▶ [EXERCISE PROMPT]: Keep the images out and copy every entry below exactly.

BEGIN

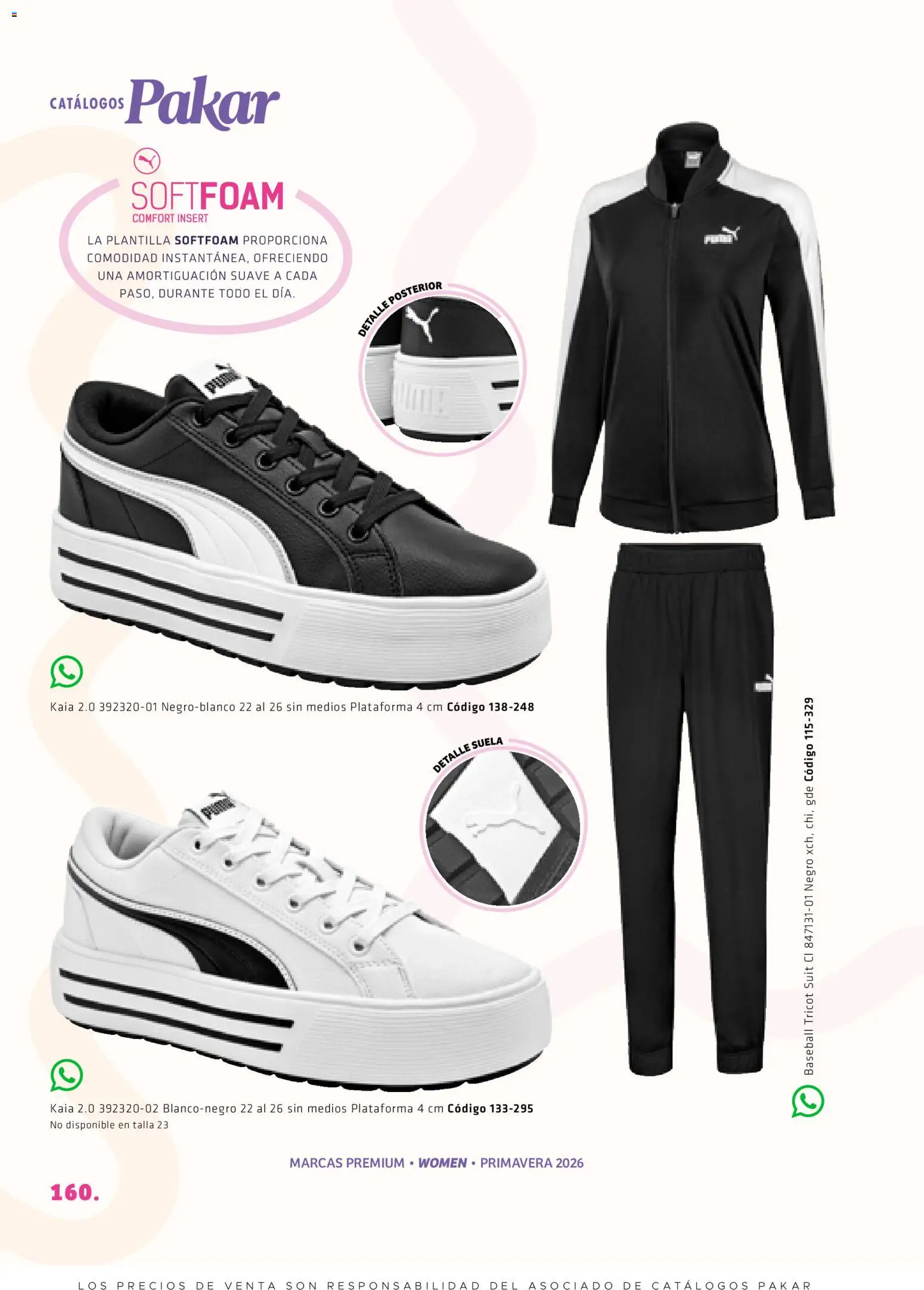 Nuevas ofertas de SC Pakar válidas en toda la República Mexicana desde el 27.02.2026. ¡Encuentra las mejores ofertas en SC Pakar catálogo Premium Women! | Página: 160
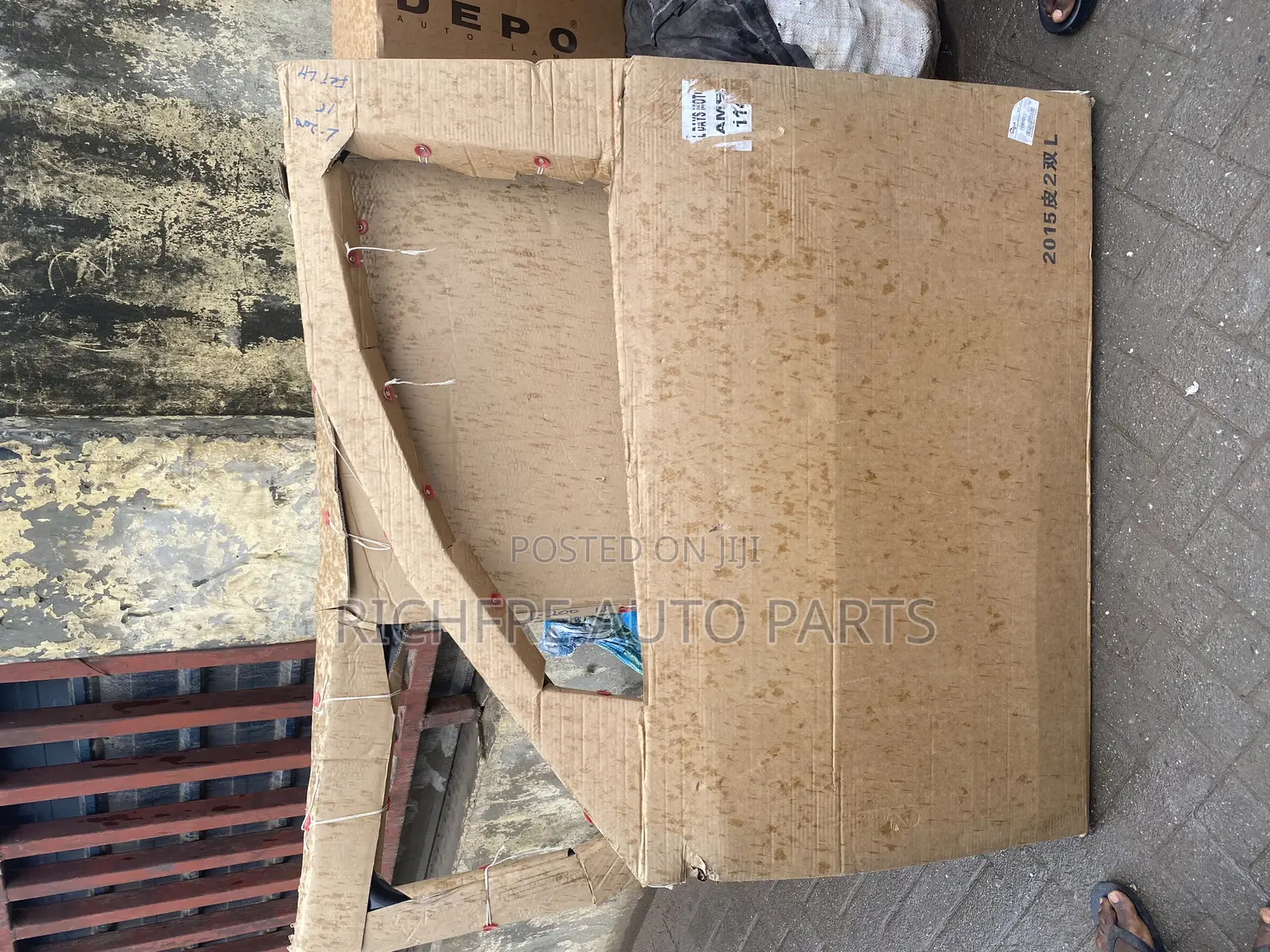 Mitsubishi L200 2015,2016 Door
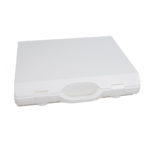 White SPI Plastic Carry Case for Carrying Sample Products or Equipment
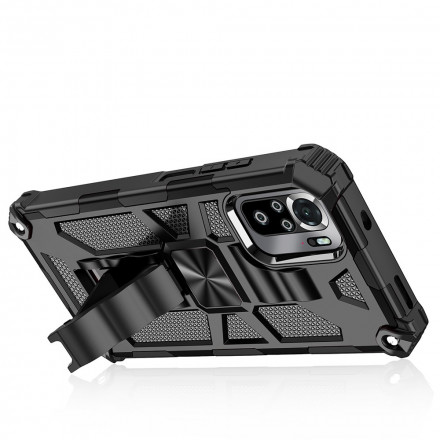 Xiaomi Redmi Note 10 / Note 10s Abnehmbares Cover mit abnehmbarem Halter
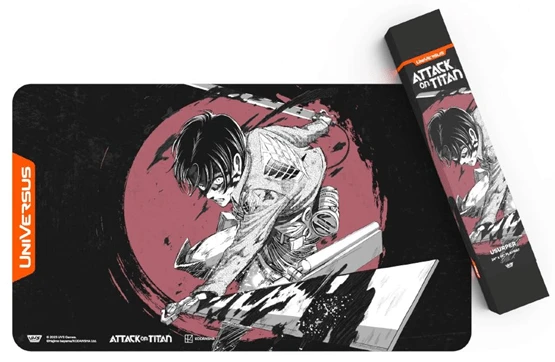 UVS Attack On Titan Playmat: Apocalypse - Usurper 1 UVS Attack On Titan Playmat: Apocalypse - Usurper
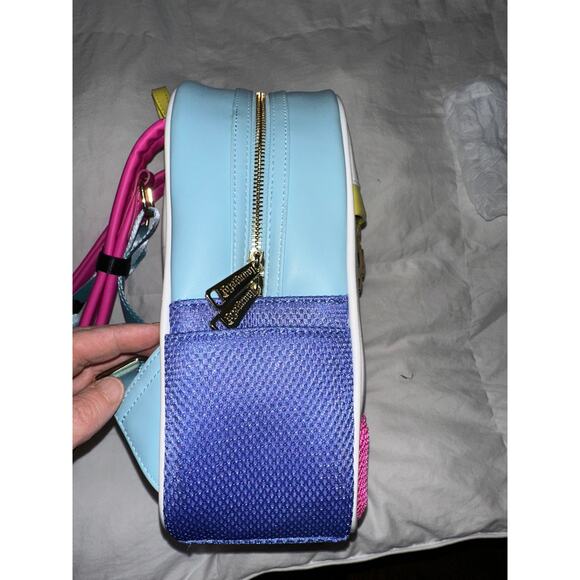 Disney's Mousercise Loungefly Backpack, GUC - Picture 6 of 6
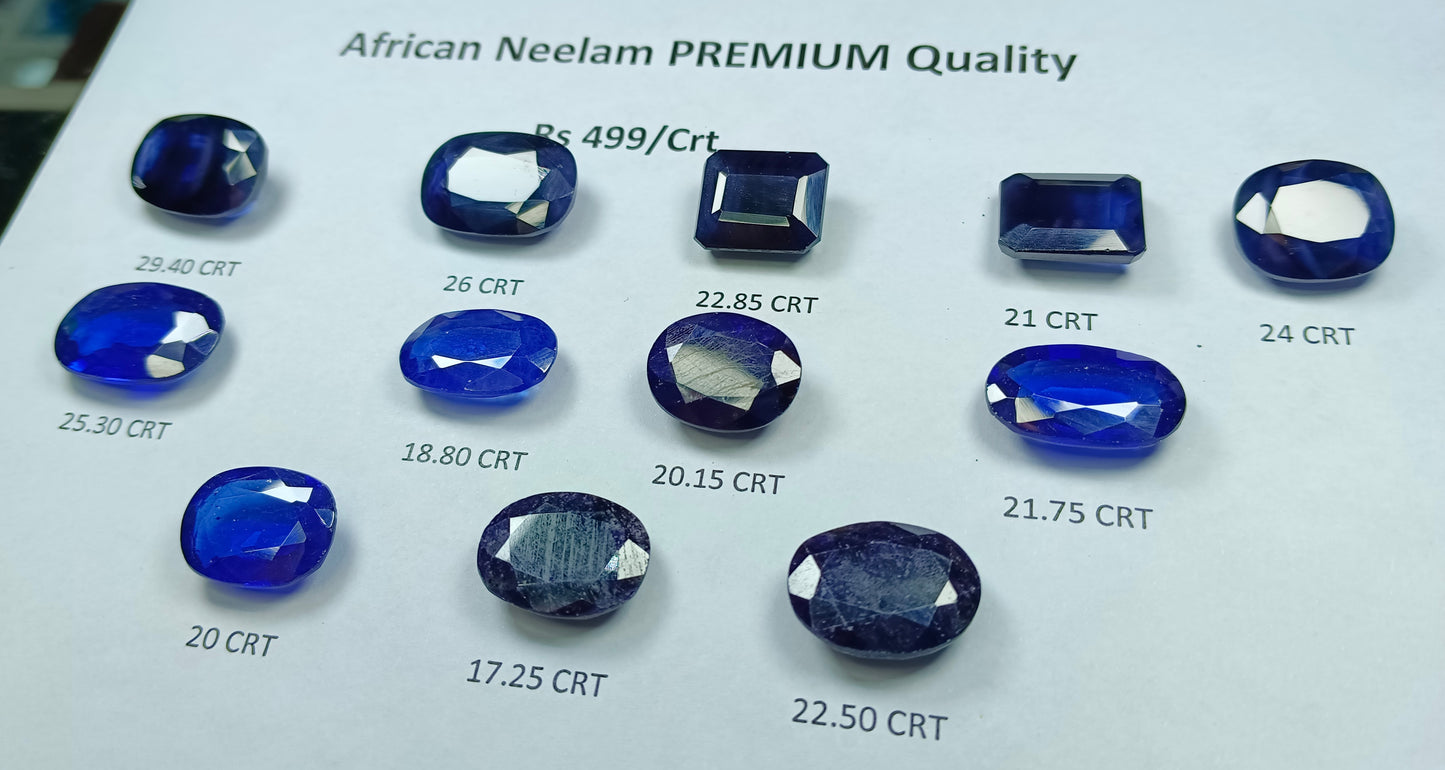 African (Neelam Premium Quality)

END

▶ [TASK OUTPUT]:
 Nuevas ofertas de SC Pakar válidas en toda la República Mexicana desde el 27.02.2026. ¡Encuentra las mejores ofertas en SC Pakar catálogo Premium Women! | Página: 160
 Mitsubishi L200 2015,2016 Door
 White SPI Plastic Carry Case for Carrying Sample Products or Equipment
 Xiaomi Redmi Note 10 / Note 10s Abnehmbares Cover mit abnehmbarem Halter
 UVS Attack On Titan Playmat: Apocalypse - Usurper 1 UVS Attack On Titan Playmat: Apocalypse - Usurper
 Disney's Mousercise Loungefly Backpack, GUC - Picture 6 of 6
 African (Neelam Premium Quality)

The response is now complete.